If anyone needs any more convincing, Wretchard poses a thought experiment. He carries us back to his earlier coverage of the AP Photographers, and by imagining how a non-complicit journalist might have experienced these events, underscored how pathetically ridiculous is the suggestion that this could be simply "good fortune" or "extraordinary courage" on the part of these individuals:
Yet the assertion that the AP photographer was expecting to cover some innocent or harmless event seems hard to swallow. The Belmont Club wrote caustically on that occasion:
Here was where the killers really lucked out. The AP photographer, though caught at unawares, who definitely had no "foreknowledge" of what was going down and at the worst expected a street demonstration, did not take cover, even as soldiers and Marines are trained to do when shooting starts. He was made of sterner stuff and held his ground, taking pictures of people he did not know killing individuals he did not recognize for reasons he would not have known about. This -- in the midst of "30 armed insurgents, hurling hand grenades and firing guns" -- as the Associated Press report says. And he continued to take photographs for a fairly long period of time, capturing not just a single photograph, but a sequence of them.

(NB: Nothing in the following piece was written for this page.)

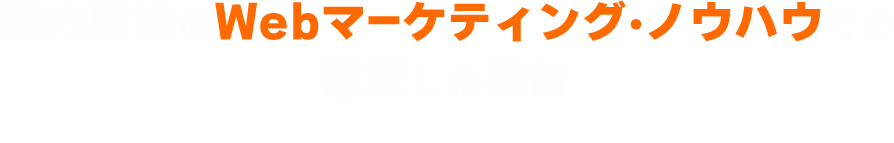 国内屈指のWebマーケティング・ノウハウでの徹底した設計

The Belmont Club pointed out that the main danger to the insurgents on Haifa Street was the risk it would be compromised to US and Iraqi security forces. And that holds doubly true for the insurgents who planned the roadside bomb attacks against American troops captured by the CBS cameraman. Had those 'insurgents' the slightest doubt of the reliability of that AP photographer or the CBS cameraman they would not have proceeded with the operation. The insurgents' willingness to tip off these persons, protected as noncombatants under the Geneva Convention, to forthcoming attacks where surprise was the prerequisite for the survival of the attacking force speaks volumes about the relationship between the insurgents and these 'noncombatant protected persons'.

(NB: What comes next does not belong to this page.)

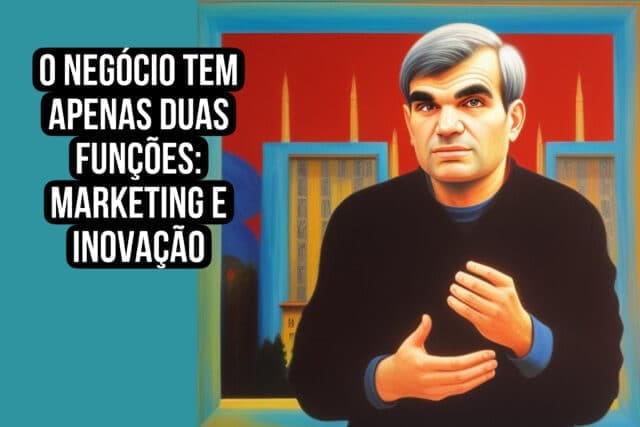 O negócio tem apenas duas funções - marketing e inovação. Milan Kundera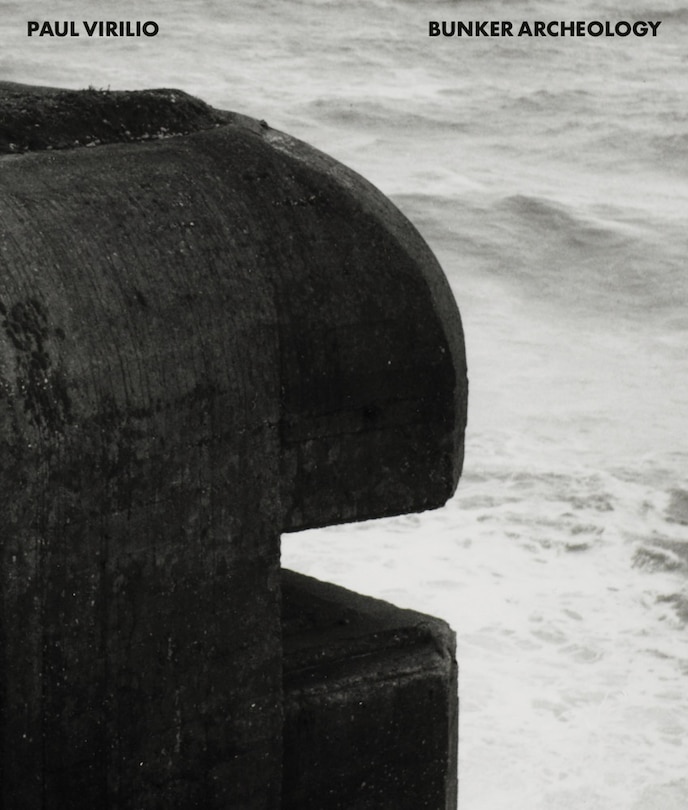 Couverture_Paul Virilio: Bunker Archeology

Wretchard concludes as I conclude, that at the least, these relationships reveal a stunning immorality on the part of some Western media, in which they are fully complicit with the public relations aims of enemies to the U.S. and free Iraq:

"It is common practice ... several brave Iraqi photographers ... covering the communities they live in ... give them access" are weasel phrases which cannot disguise the essentially immoral relationship where news agencies bestow protected person status on enemy combatants in exchange for bloody images which can then be sold for money. Personally, I would rather be the man who takes the photos, at some risk to myself, than the man who commissions them. It's cleaner.

This has to stop. Opposition is one thing, valid criticism is the foundation of a free society. Actively supporting foreign enemies and cooperating with their public relations war -- which is the only one they can possibly win -- doesn't make these people just "against the war," it puts them on the other side. And that used to be called treason.